◆ **WORK ORDER**: Go through the data below. Pull out every line that has the word "thumbnail".

[Items listed in a dataset]

_ _ _ _ _ _ _

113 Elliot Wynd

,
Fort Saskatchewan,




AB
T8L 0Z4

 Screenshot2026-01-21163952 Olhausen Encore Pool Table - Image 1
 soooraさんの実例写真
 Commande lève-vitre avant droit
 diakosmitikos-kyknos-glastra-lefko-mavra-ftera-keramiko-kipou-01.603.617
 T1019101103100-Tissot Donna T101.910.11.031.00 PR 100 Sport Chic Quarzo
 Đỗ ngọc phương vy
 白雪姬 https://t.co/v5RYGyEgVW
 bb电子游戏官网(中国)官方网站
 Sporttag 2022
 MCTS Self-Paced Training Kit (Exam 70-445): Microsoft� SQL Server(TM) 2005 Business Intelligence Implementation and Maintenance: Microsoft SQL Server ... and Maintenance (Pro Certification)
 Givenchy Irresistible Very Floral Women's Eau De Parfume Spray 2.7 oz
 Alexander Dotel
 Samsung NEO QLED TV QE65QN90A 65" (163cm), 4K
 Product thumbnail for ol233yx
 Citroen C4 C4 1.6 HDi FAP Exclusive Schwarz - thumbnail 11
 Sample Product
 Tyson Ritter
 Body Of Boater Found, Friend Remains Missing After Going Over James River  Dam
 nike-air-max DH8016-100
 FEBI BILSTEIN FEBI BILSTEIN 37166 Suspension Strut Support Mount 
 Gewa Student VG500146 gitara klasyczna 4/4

_ _ _ _ _ _ _

◆ **TASK RESULT**:
 Product thumbnail for ol233yx
 Citroen C4 C4 1.6 HDi FAP Exclusive Schwarz - thumbnail 11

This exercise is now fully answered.